|Illumination-induced phase segregation and degradation of perovskites revealed by hard x-ray photoelectron spectroscopy|
|Roberto Félix1, Carolin Rehermann2, Evelyn Handick1, Claudia Hartmann1, Regan G. Wilks1,3, Eva Unger2,4, Marcus Bär1,3,5,6
1Department Interface Design, Helmholtz-Zentrum Berlin für Materialien und Energie GmbH, Berlin, Germany
/2Young Investigator Group Hybrid Materials Formation and Scaling, Helmholtz-Zentrum Berlin für Materialien und Energie GmbH, Berlin, Germany
/3Energy Materials In-Situ Laboratory Berlin (EMIL), Helmholtz-Zentrum Berlin für Materialien und Energie GmbH, Berlin, Germany
/4Chemical Physics and NanoLund, Lund University, Lund, Sweden
/5Helmholtz-Institute Erlangen-Nürnberg for Renewable Energy (HI ERN), Erlangen, Germany
/6Department of Chemistry and Pharmacy, Friedrich-Alexander-Universität Erlangen-Nürnberg, Erlangen, Germany
Solar cells based on hybrid organic-inorganic perovskites (HOIP) – particularly those using APbX3 [A = CH3NH3+ “MA”, HC(NH2)2+, Cs+ and X = I-, Cl-, Br-] absorbers – have reached power conversion efficiencies surpassing 23%, record performances on par with (or above) conventional photovoltaic technologies. HOIPs are of particular interest as a top cell for low-cost multi-junction solar cell devices to boost the performance of existing Si or thin-film solar cells. The long-term stability of perovskite-based solar devices is a major challenge for their technological exploitation and commercialization; currently, a significant deterioration in efficiency within first hours of operation is observed. Such performance losses are often linked to a combination of extrinsic instability (e.g., degradation by exposure to moisture, heat, light, oxygen, etc.) and intrinsic instability (e.g., composition defects, ion migration, etc.) of HOIPs. Furthermore, for their application in multi-junction top cells, the band gap of HOIPs have to be increased, which can be accomplished by using a higher Br fraction in mixed halide (bromide-iodide) perovskites. However, the open circuit voltage (VOC) of respective solar devices saturates at a [Br]/([I]+[Br]) fraction of ca. 0.25, corresponding to an absorber band gap of ca. 1.75 eV. This phenomenon seems to be related to an illumination-induced phase segregation, the so-called “Hoke Effect”. An understanding of its underlying mechanism, critical to improving the stability and the band gap tunability of HOIPs, remains incomplete.

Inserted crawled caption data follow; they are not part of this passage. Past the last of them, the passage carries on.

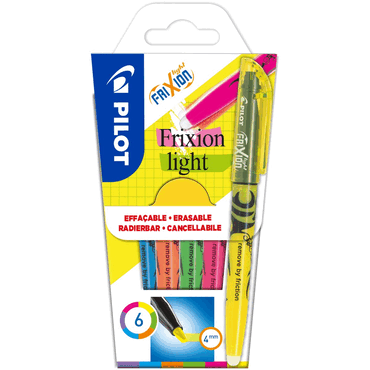 Pilot Textmarker FriXion Light Soft - M 6er Etui pastell. von Pilot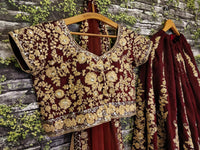 Maroon Raw Silk Embroidered Bridal Lehenga Choli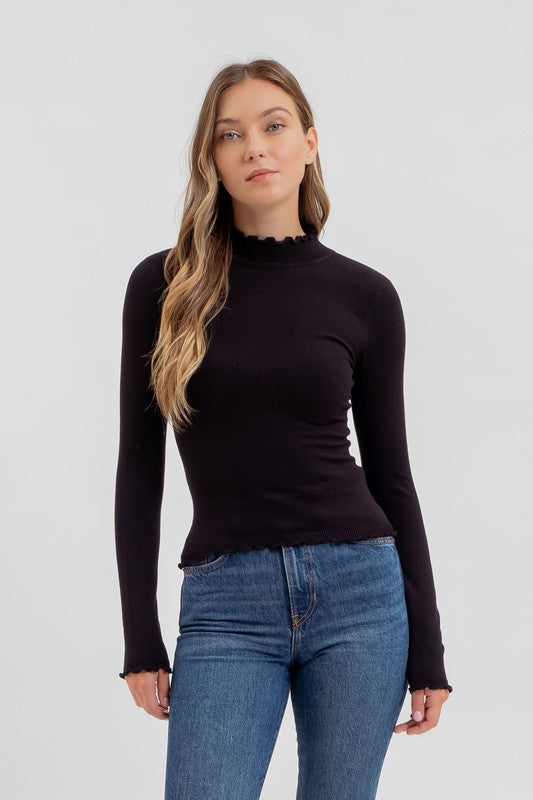 Heidi Mock Neck Top- Black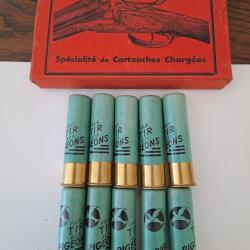 Boîte de10 belles cartouches anciennes cal 20 douilles cartons  TIR AUX  PIGEONS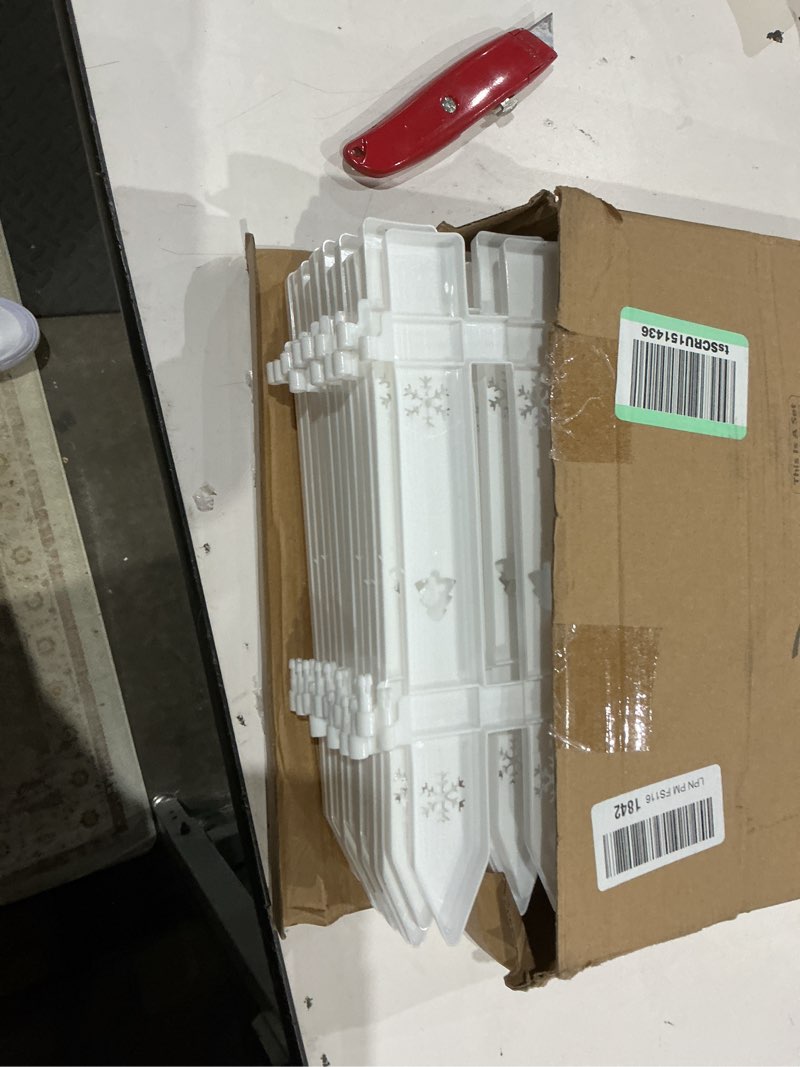 Condition photo showing Good Condition for 48 pcs white garden fence edging, 14ft total plastic picket fence border for flower beds, 12 inch decorative lawn edging landscape guard for yard path small animal & holiday decor white 48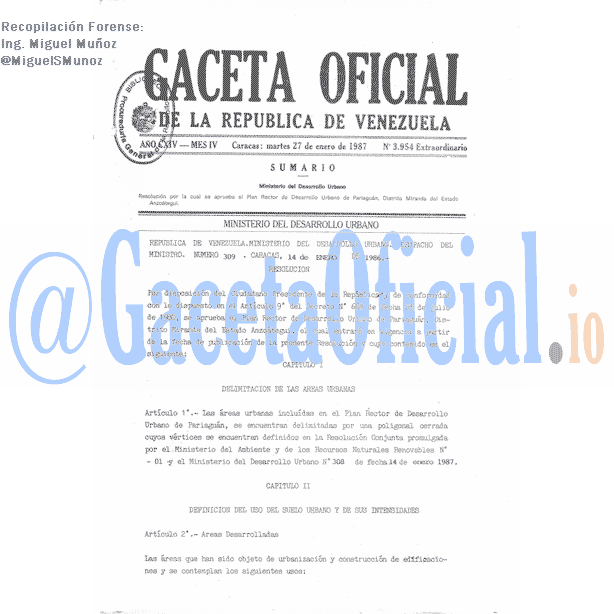 Gaceta Oficial 3954 del 27 Enero 1987
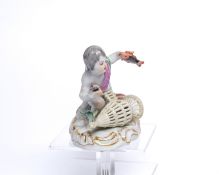 Porzellanfigur, "Allegorie - Das Wasser", Meissen, Schwertermarke, 1. Wahl, Modellnummer 70657, Put
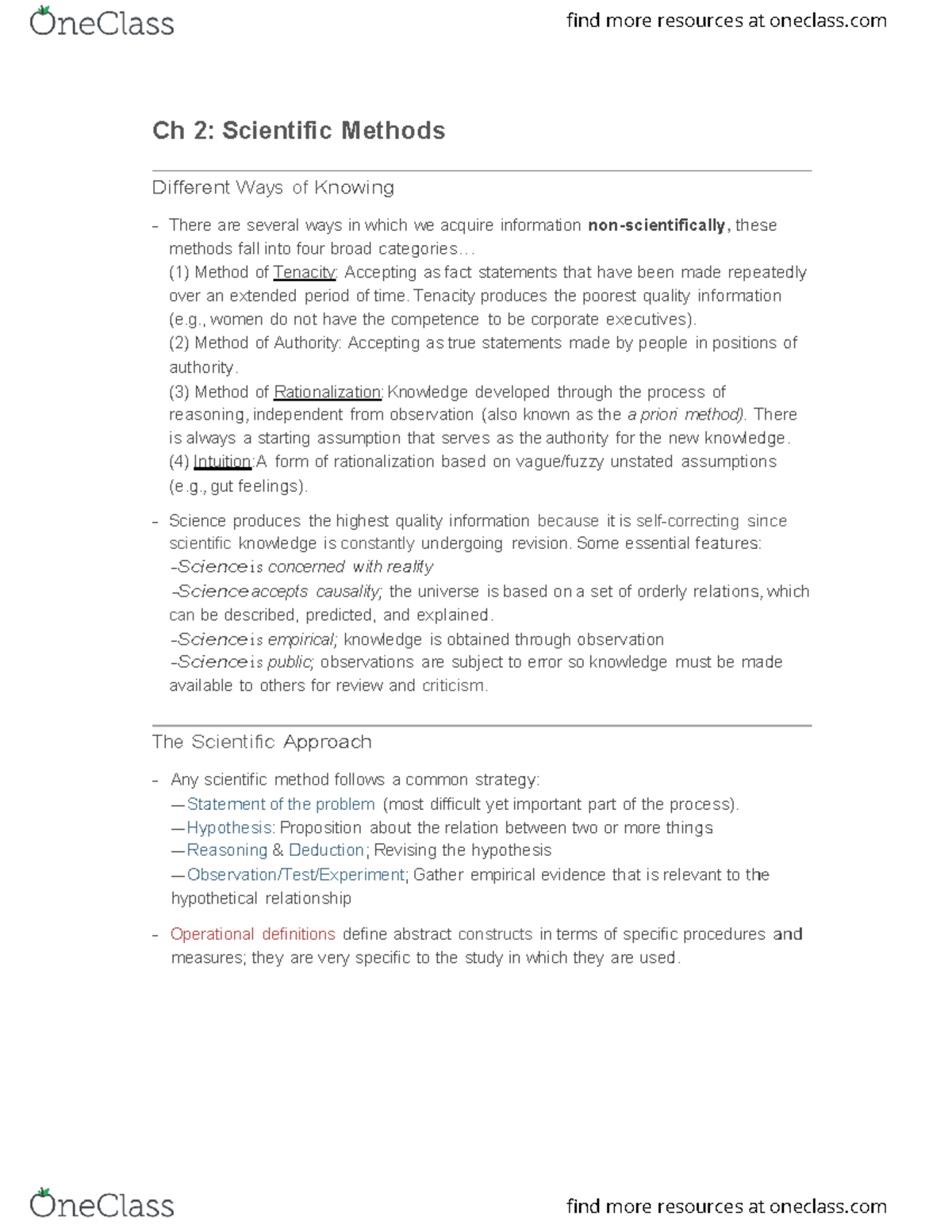 Chapter Two Part Two Material for Midterm - Ch 2: Scientific Methods ...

To study this effect, we investigate the properties of MAPb(Br0.75,I0.25)3 and CsPb(Br0.75,I0.25)3 absorbers using hard x-ray photoelectron spectroscopy under various illumination conditions. The absorbers’ chemical and electronic structures were monitored in ultra-high vacuum and under solar, as well as, x-ray irradiation. Although changes are detected on both absorbers, MAPb(Br0.75,I0.25)3 exhibits a more pronounced tendency to segregate into “iso-ionic” phases. The role of the perovskites’ A cation in the revealed underlying mechanisms is discussed.